- **Task**
Once you have located the line containing "Charmed-Online_dot_net-5x03HappelyEverAfter0524.jpg" in the material below, return it exactly along with each line after it through the line containing "Local comercial en calle de Santa Clara".

- **Records for the task**
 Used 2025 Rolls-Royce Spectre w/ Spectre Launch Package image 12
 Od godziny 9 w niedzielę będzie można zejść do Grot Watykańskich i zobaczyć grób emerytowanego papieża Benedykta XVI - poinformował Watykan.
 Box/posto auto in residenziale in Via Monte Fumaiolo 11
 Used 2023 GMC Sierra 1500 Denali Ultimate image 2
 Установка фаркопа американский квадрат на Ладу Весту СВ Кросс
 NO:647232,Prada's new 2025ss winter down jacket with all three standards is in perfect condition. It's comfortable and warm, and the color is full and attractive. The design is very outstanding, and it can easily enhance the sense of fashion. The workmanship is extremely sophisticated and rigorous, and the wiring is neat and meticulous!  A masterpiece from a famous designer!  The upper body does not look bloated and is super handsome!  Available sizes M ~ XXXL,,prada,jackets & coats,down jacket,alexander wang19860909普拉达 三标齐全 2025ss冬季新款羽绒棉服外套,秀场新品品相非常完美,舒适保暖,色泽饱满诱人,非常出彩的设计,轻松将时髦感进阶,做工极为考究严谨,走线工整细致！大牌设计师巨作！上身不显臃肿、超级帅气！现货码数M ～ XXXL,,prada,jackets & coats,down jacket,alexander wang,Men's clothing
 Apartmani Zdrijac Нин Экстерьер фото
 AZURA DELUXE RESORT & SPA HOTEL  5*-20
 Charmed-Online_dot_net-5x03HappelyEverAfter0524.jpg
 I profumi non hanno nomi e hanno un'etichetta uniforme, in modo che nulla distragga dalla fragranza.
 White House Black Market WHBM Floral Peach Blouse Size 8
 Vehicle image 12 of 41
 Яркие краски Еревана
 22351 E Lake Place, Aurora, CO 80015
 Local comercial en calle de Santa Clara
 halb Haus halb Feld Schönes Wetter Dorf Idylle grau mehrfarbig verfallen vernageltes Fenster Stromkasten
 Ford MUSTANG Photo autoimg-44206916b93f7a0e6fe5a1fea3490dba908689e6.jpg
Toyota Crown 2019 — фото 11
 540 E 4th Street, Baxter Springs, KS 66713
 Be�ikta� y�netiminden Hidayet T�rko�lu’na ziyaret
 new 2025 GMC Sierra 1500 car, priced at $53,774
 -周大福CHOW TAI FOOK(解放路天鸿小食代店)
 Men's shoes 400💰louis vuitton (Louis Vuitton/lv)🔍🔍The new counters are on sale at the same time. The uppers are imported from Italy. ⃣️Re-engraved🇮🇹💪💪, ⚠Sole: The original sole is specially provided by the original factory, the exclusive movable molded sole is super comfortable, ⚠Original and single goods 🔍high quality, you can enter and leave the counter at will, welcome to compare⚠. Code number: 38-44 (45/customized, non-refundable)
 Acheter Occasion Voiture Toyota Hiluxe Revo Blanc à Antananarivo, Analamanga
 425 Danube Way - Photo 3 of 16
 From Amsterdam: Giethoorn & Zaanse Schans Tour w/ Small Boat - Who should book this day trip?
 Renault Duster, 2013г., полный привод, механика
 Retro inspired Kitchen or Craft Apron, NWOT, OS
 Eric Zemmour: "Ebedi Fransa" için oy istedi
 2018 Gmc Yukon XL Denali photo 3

- **Answer below**
 Charmed-Online_dot_net-5x03HappelyEverAfter0524.jpg
 I profumi non hanno nomi e hanno un'etichetta uniforme, in modo che nulla distragga dalla fragranza.
 White House Black Market WHBM Floral Peach Blouse Size 8
 Vehicle image 12 of 41
 Яркие краски Еревана
 22351 E Lake Place, Aurora, CO 80015
 Local comercial en calle de Santa Clara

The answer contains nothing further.